Gregory K. Ruiz-Ade wrote:
On Jun 3, 2006, at 5:35 PM, Andrew Lentvorski wrote:
So, what is proper documentation, pray tell?
worst case? At a minimum, an explanation in the comments of the code
explaining what a block of code does. Personallly, I tend to put in the
comments first to remind myself what it is I'm trying to do, then I
start fleshing out blocks of code for each task, and if I had to change
tactics or replace an algorithm, update the comments to fit. It really
doesn't take that much longer than doing the code only, and makes it
much easier to understand.
When there are lots of hands touching code, this just isn't feasible.
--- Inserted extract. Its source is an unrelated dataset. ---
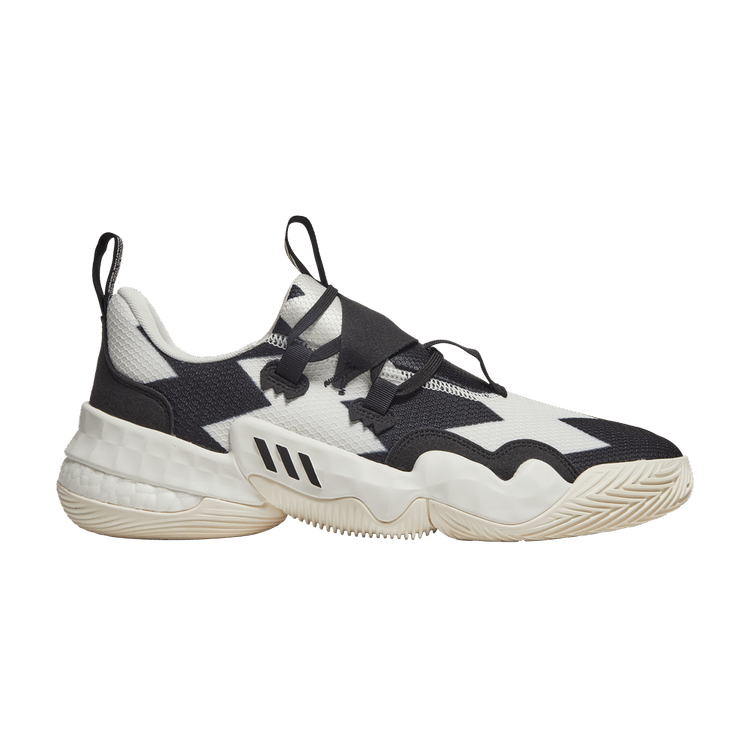 So So Def Recordings x adidas Trae Young 1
The code has to speak for itself.
Any time you think you're being clever in code, comment your
cleverness. This has saved me time on fixing bugs in my own code many
months later. I came up with a really nice one-line snippet of code for
whatever it was doing, and six months later spend the better part of a
day figuring out why it wasn't handling a new case. Sure, the comment
explaining it would have been as long as this paragraph, but man it
would have saved me time.
No argument. A friend of mine calls it "psychic commenting"; whenever
he hits a clever section he invariably sees a comment right there. I'm
very good about being straightforward. When I am not, there is a
comment. Generally with a hyperlink to the external reference, as well.